Sérieusement, aurais-je affaire à Christina Cordula dans mon appartement ? Commet je connais Christina ? Non, laissez tomber. En fait, c’est mon amie Laura qui n’a pas pu s’empêcher d’abuser de son double des clés de chez moi pour me relooker de force avant la soirée.

Soucieuse de ma santé mentale à rester mes journées terré dans mon canapé, elle a demandé à l’une des organisatrice de la soirée à laquelle elle était invitée, si elle pouvait venir avec son ami d’enfance.

Moi, en l’occurence. Bien malheureusement.

Non pas que je sois dépité de sortir, mais plutôt cette séance de jugement sur ma tenue vestimentaire quand elle est entrée discrètement m'a un peu sapé le moral. Oui, elle m’a trouvé en jean t-shirt dans mon canapé.

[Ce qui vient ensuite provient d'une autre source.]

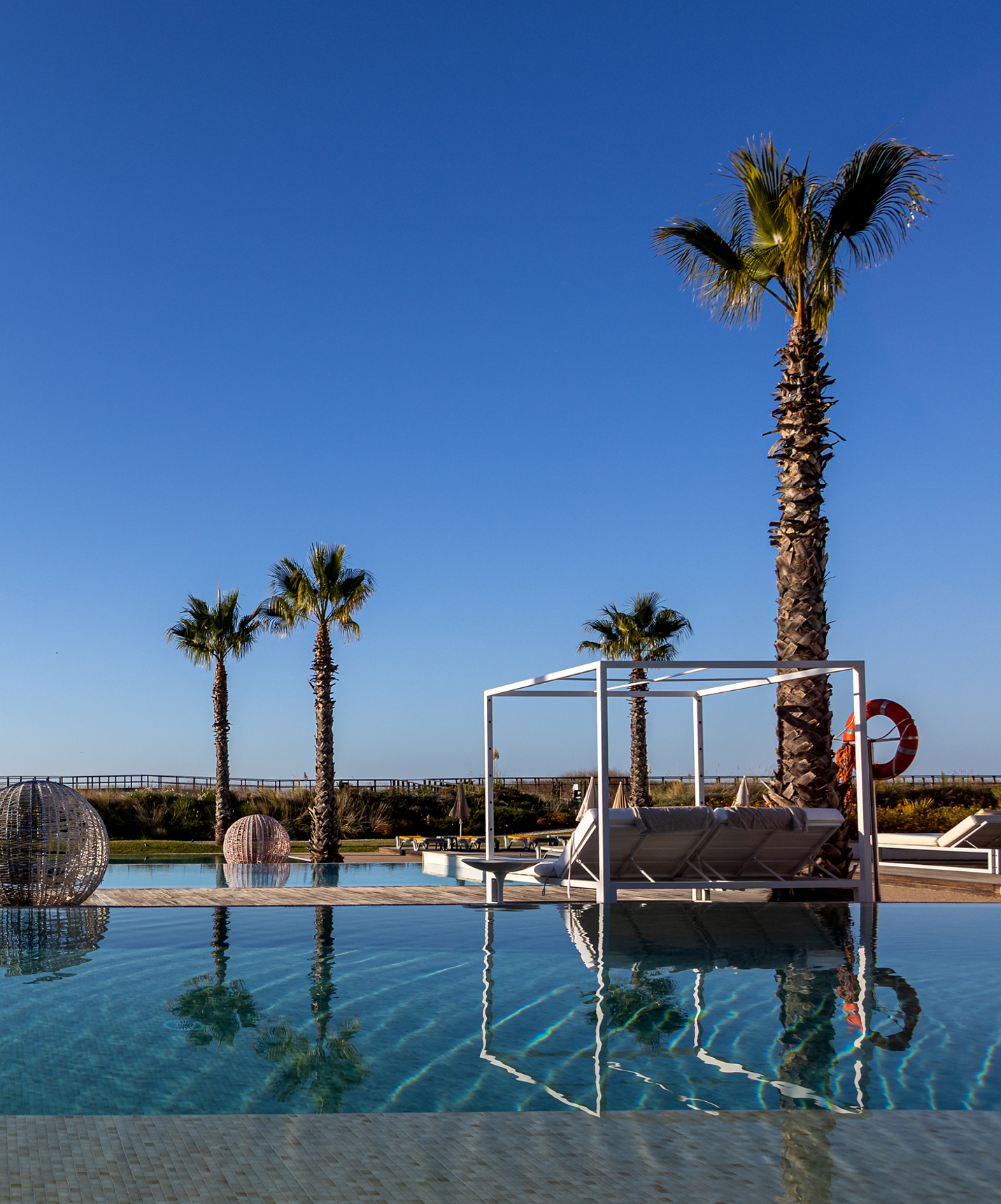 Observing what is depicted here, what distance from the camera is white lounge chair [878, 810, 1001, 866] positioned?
14.6m

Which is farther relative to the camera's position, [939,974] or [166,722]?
[166,722]

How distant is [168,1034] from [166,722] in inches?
1208

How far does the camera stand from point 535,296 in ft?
70.1

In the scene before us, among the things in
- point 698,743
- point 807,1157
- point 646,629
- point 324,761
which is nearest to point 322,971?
point 807,1157

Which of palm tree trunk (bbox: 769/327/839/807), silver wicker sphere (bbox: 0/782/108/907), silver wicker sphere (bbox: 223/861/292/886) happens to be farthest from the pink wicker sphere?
palm tree trunk (bbox: 769/327/839/807)

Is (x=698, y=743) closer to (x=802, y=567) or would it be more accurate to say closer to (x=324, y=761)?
(x=802, y=567)

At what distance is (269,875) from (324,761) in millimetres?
7212

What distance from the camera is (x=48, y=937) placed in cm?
834

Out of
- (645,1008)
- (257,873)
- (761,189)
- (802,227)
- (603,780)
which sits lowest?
(257,873)

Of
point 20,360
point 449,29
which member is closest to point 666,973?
point 449,29

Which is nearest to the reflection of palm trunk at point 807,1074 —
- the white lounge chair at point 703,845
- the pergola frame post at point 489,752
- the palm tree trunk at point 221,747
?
the white lounge chair at point 703,845

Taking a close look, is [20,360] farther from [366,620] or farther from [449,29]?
[449,29]

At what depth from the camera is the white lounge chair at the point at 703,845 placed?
970 centimetres

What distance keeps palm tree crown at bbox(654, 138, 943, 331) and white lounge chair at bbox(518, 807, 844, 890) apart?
556cm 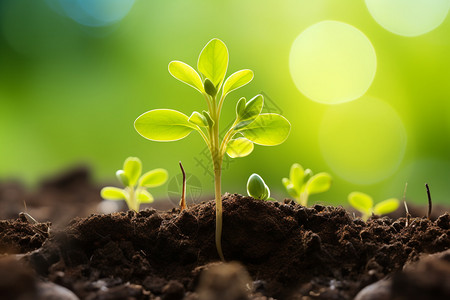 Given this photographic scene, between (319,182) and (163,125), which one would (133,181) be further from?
(319,182)

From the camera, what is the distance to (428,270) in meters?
0.67

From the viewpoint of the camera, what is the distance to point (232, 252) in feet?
3.32

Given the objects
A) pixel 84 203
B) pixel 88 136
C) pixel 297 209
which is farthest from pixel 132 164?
pixel 88 136

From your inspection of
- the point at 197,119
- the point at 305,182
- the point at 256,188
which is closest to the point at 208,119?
the point at 197,119

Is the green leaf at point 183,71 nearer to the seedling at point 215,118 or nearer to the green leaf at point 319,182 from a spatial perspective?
the seedling at point 215,118

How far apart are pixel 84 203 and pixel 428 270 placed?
7.49 ft

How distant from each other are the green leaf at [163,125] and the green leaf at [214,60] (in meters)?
0.13

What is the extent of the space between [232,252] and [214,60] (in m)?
0.49

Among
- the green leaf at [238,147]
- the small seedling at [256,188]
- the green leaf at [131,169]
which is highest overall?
the green leaf at [131,169]

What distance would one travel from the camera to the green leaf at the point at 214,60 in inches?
38.7

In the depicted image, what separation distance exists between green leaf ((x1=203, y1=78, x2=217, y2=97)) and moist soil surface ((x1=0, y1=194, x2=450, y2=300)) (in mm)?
303

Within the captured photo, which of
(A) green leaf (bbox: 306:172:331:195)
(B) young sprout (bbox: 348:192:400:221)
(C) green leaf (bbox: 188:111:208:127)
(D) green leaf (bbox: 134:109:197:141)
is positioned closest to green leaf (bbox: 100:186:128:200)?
(D) green leaf (bbox: 134:109:197:141)

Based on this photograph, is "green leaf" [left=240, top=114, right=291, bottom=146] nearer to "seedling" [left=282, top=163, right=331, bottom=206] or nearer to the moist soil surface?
the moist soil surface

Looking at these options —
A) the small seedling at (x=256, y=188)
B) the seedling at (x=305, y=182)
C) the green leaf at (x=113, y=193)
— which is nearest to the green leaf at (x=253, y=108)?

Et alors ? On ne va pas rencontrer des marquis de Grande-Bretagne, que je sache. Mais Laura adore être apprêtée quand elle sort, et elle tente de me transmettre ce goût à tous les êtres qu'elle rencontre. Si elle avait pu, elle aurait relooké mon oiseau pour lui teindre les plumes en bleu. C'est plus accordé à nous comme ça...

C’est donc sans me rappeler une certaine soirée au début de ma convalescence que la jeune femme va fouiller dans mon dressing pour en sortir des vêtements que je n’aurais jamais, au grand jamais, eu idée d’associer. Bon, certes, elle a probablement plus de goût que moi, mais pourrais-je avoir mon mot à dire ? Non ? Bon.

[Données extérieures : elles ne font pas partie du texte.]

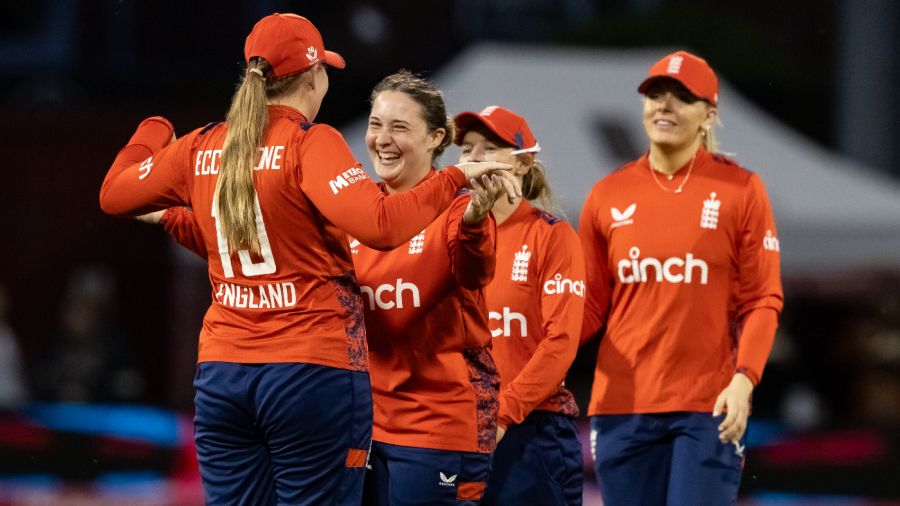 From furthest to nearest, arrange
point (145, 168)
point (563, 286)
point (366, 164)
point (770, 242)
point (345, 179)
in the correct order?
point (366, 164)
point (770, 242)
point (563, 286)
point (145, 168)
point (345, 179)

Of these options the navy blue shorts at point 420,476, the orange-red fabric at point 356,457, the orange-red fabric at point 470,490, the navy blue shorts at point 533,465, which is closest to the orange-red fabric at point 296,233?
the orange-red fabric at point 356,457

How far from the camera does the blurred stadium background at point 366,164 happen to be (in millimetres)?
8469

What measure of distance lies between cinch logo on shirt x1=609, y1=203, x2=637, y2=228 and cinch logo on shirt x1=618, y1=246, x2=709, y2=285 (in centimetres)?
12

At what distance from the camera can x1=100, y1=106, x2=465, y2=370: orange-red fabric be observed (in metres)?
3.97

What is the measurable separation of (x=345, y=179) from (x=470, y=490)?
3.87ft

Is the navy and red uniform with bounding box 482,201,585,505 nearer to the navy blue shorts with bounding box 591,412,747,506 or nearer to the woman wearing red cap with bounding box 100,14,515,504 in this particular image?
the navy blue shorts with bounding box 591,412,747,506

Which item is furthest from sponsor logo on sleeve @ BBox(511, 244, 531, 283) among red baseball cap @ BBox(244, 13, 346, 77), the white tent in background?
the white tent in background

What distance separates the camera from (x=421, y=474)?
446 cm

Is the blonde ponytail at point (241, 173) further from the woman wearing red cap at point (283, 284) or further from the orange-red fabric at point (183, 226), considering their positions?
the orange-red fabric at point (183, 226)

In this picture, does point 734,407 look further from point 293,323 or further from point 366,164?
point 366,164

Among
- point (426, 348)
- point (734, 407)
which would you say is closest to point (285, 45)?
point (426, 348)

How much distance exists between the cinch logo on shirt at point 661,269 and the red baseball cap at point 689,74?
62 cm

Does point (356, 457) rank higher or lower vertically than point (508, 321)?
lower

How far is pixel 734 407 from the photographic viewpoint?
195 inches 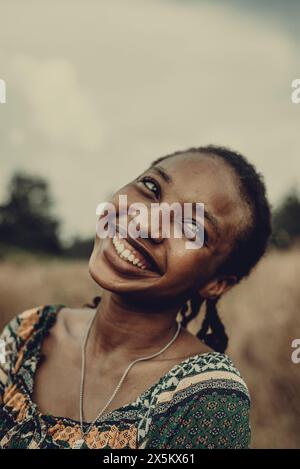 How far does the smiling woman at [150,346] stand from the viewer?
1.62 metres

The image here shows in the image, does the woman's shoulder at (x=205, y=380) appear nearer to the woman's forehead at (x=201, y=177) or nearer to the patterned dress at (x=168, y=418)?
the patterned dress at (x=168, y=418)

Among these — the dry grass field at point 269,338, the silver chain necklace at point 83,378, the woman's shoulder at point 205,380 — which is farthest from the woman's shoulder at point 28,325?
the dry grass field at point 269,338

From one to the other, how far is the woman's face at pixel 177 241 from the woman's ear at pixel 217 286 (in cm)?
10

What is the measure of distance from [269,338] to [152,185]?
2.38 meters

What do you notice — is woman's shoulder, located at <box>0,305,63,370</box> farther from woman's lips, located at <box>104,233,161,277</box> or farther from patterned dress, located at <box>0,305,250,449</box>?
woman's lips, located at <box>104,233,161,277</box>

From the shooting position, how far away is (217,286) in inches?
77.5

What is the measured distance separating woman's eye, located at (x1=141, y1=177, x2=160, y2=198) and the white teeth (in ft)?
0.69

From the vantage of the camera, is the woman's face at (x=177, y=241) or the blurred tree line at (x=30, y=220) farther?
the blurred tree line at (x=30, y=220)

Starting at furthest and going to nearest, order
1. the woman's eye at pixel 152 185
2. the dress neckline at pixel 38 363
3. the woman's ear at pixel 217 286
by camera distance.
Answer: the woman's ear at pixel 217 286 < the woman's eye at pixel 152 185 < the dress neckline at pixel 38 363

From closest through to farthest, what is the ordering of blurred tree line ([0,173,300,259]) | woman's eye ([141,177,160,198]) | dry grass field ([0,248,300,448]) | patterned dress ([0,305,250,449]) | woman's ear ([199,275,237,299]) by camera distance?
patterned dress ([0,305,250,449])
woman's eye ([141,177,160,198])
woman's ear ([199,275,237,299])
dry grass field ([0,248,300,448])
blurred tree line ([0,173,300,259])

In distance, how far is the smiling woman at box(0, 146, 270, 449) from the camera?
162cm

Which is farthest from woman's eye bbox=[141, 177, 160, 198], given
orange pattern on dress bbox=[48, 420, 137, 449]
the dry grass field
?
the dry grass field

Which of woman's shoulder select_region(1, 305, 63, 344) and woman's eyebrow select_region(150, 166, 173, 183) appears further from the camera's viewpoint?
woman's shoulder select_region(1, 305, 63, 344) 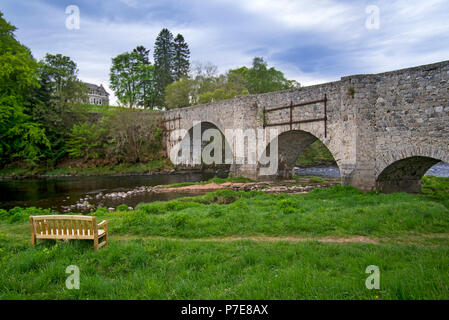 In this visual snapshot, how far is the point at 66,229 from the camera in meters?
5.65

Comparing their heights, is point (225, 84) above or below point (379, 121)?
above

Bredouille, je monte l’escalier du duplex pour aller passer les vêtements imposés par Laura, pendant elle applique un rouge à lèvres couleur sang sur sa bouche pulpeuse. J’ai pris le pli pour monter les marches à cloche pied, du coup j’essaie de me raccrocher à un truc cool et positif, comme le fait d’avoir gravi les marches comme si j’avais mes deux pieds valides. En voilà un exploit qui se note !

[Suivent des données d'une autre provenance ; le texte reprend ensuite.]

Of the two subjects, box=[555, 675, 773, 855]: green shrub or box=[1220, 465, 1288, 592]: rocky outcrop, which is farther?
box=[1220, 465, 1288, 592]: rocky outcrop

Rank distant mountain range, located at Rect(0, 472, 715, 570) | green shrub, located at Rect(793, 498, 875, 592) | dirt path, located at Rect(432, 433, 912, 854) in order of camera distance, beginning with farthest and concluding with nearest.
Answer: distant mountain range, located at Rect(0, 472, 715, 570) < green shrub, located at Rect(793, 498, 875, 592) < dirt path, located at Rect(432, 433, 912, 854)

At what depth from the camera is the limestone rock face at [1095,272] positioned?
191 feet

C’est donc vêtu d’un jean bleu nuit, et d’un polo bordeaux foncé parfaitement repassé -mais pas par moi, vous imaginez-, recouvert d’une veste de costume noire, que nous quittons le studio pour nous diriger vers le lieu de la soirée.

J’ai pris soin d’emporter mes fidèles béquilles jaune fluo. Béquilles qui font forte impressions quand nous franchissons le pas de la porte de l’immense Villa. Je m’attendais à pousser la porte d’un immeuble, mais me retrouve dans l’entrée d’une maison incroyable. Moderne, avec une hauteur sous plafond improbable. « Mais, c’est quoi cette maison de fou ? » Dis-je à mon amie avec incrédulité.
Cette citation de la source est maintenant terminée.